29. A decoding device for decoding speech from a 90-millisecond frame of bits received over a satellite communication channel, comprising a divider configured to divide the frame of bits into two blocks of bits, each block of bits representing two subframes of speech, a decoding device with error control, performed with the ability to decode errors in each block of bits using redundant error control bits contained within the block of bits to obtain bits of decoded errors that are at least Particularly protected from bit errors, a unit for recovering spectral amplitudes based on double subframes, configured to jointly recover the parameters of spectral amplitudes for both subframes within the block of bits, the joint restoration involving the use of multiple code dictionaries of vector quantizers to reconstruct a set of combined residual parameters, based on which separate residual parameters are calculated for both subframes, the formation of the predicted parameters with spectral amplitudes from the reconstructed spectral amplitudes parameters from the previous block of bits, and adding separate residual parameters to the predicted spectral amplitudes parameters to generate reconstructed spectral amplitudes parameters for each subframe inside the bit block, and a synthesizer configured to synthesize a plurality of digital speech samples for each subframe with using the restored spectral amplitude parameters for the subframe.

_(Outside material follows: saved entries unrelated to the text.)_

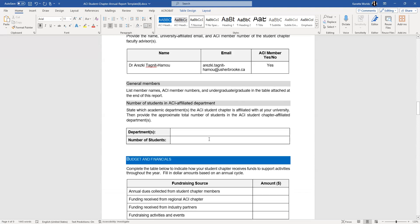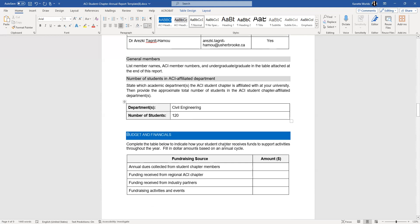The next section is the number of students in the ACI-affiliated department. So if you are in the civil engineering department, you would write civil engineering, and then the number of students enrolled. This is information you can obtain from your faculty advisor or the dean of your department. Some of you are construction management majors, some are concrete industry management majors, and some are in architecture departments — be sure to list it accordingly.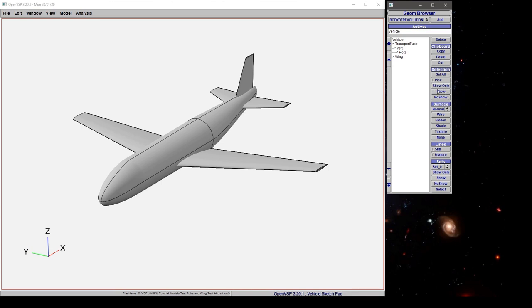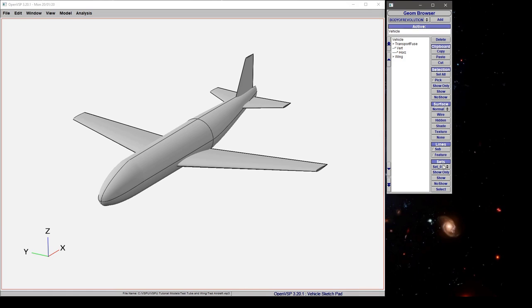Selection operations and being able to show or hide various components in your model. Surface representation, which we'll cover in more detail later, but know that you have wire, a hidden view, shade and textures, and also surface line features and set control.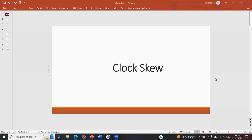Hi friends, welcome to my channel VLSI. In this session we'll see what is clock skew, what is the impact of clock skew on a circuit, and how we can reduce the clock skew.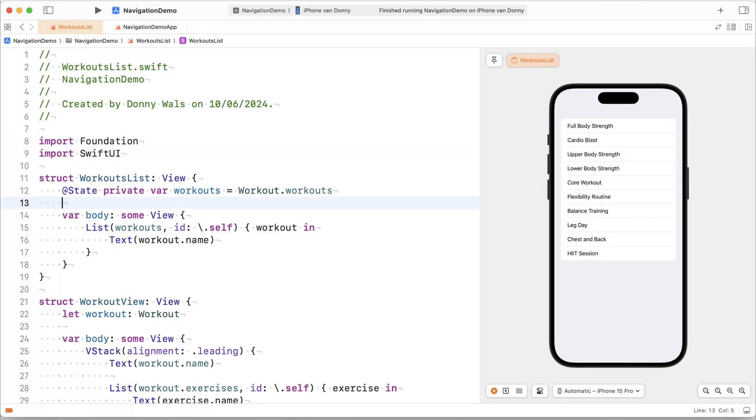Okay, so what we've got going on here is a pretty simple SwiftUI view that presents a list of workouts that you might have done. Every workout has a bunch of exercises in it, and every exercise keeps a log of the weights and everything that you've used.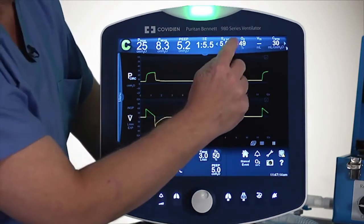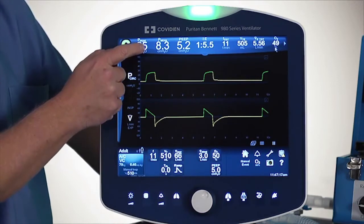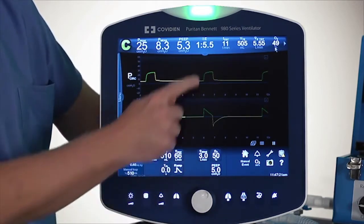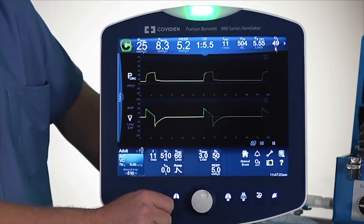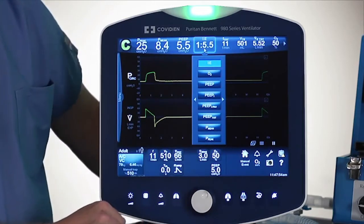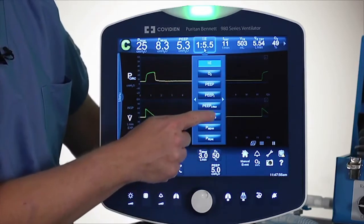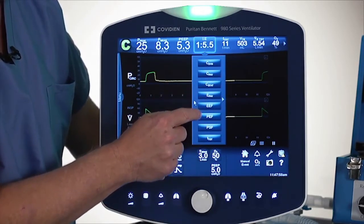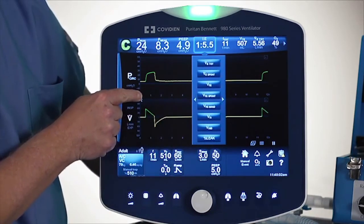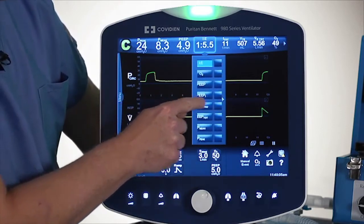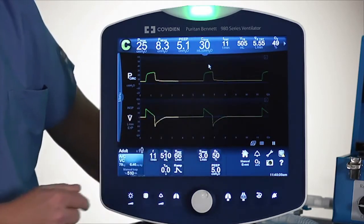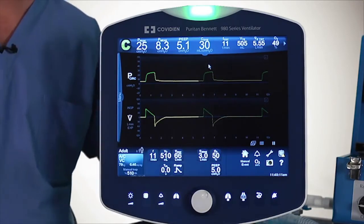The other part about the configurability is that I can actually double-tap and change what is viewed. For example, you may decide that the IE ratio is not the most important thing to look at. You can use the arrows to go left and right, or you can just drag it with your finger and decide what you want to view. For example, I will switch it to compliance. That is one example of how you can customize that upper screen.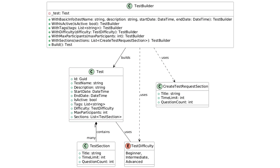I have created a UML diagram for the TestBuilder class that is responsible for the creation of the complex test object. As you can see, at the top we have a private field of the type Test, so it means that when you create a new instance of the TestBuilder class, it will automatically create a brand new Test object for you.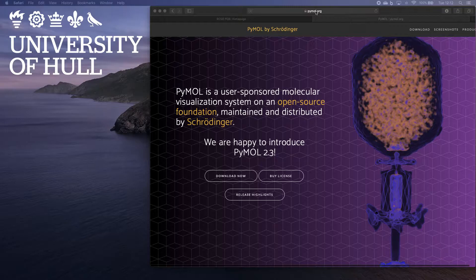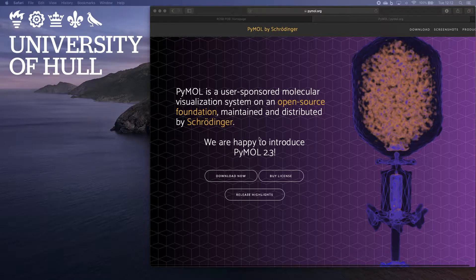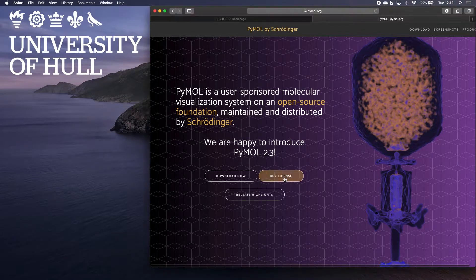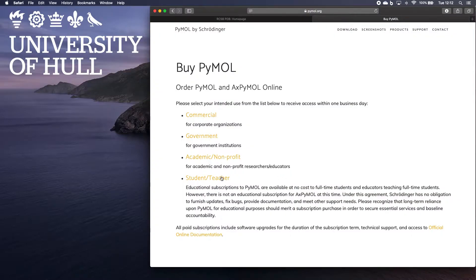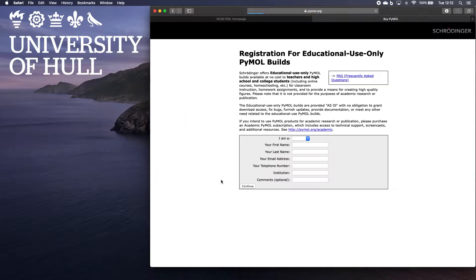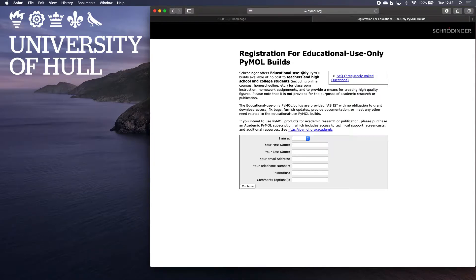And you can find it here, just Google Pymol, there we go, and then click on here, buy a license, and click on the student teacher one, and that allows you to get an education use license yourself.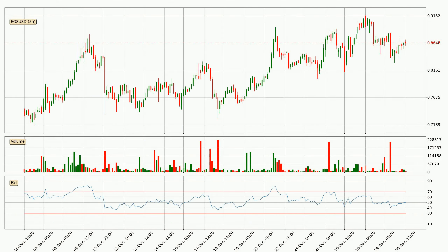Moving to the three hourly relative strength index, the current three hourly RSI is at 50, so there are currently no signs of the crypto being overbought or oversold.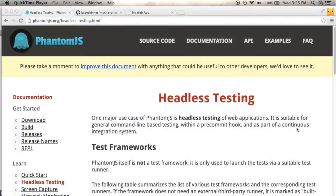Hi and welcome to Coding with Jesse. I'm Jesse Skinner and today I'm going to look at doing some testing with Mocha and PhantomJS.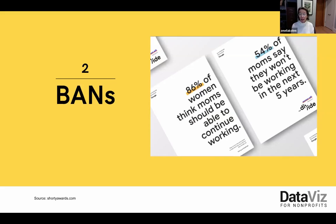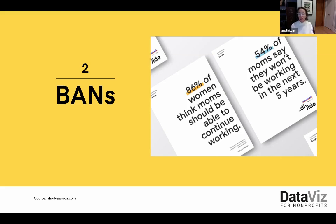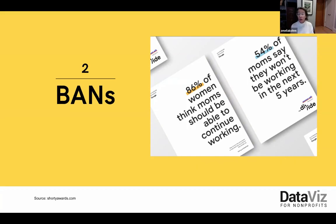BANs — big-ass numbers — also make good social media content. Just one large number can capture attention. The BANs shown here are from Women Will, which is a Google initiative focused on economic empowerment for women. They won a Shorty Award, which honors the best content creators on social media. Think about what single number you might want to share that could spark interest in your work, and consider adding a link from your BAN post to a chart that provides more context and detail for that number.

30. The decoding device according to clause 29, wherein the quantized spectral amplitude quantizer based on dual subframes is configured to calculate individual residual parameters for both subframes based on the combined residual parameters for the block of bits, by dividing the combined residual parameters from the block of bits into multiple frequency blocks, the formation of the converted vector of the sum and the difference in the average value of the residual block for prediction (SOBP) for each subframe, the formation of the sum vector and coefficients of a higher order (CBWP) for each of the frequency blocks, based on the combined residual parameters of the bit block, applying the inverse sum and difference operation and inverse transformation to the converted SBS sum and difference vectors to form the SOB vectors for both subframes, and applying the operation the reciprocal of the sum and the difference to the sum vectors and the difference of the CBVP to form the CBVP vectors for both subframes for each of the frequency blocks, and combining the SOBV vector and the CBVP vectors for each of the parts -frequency blocks for each of the subframes to form separate residual parameters for both of the subframes within the bit block.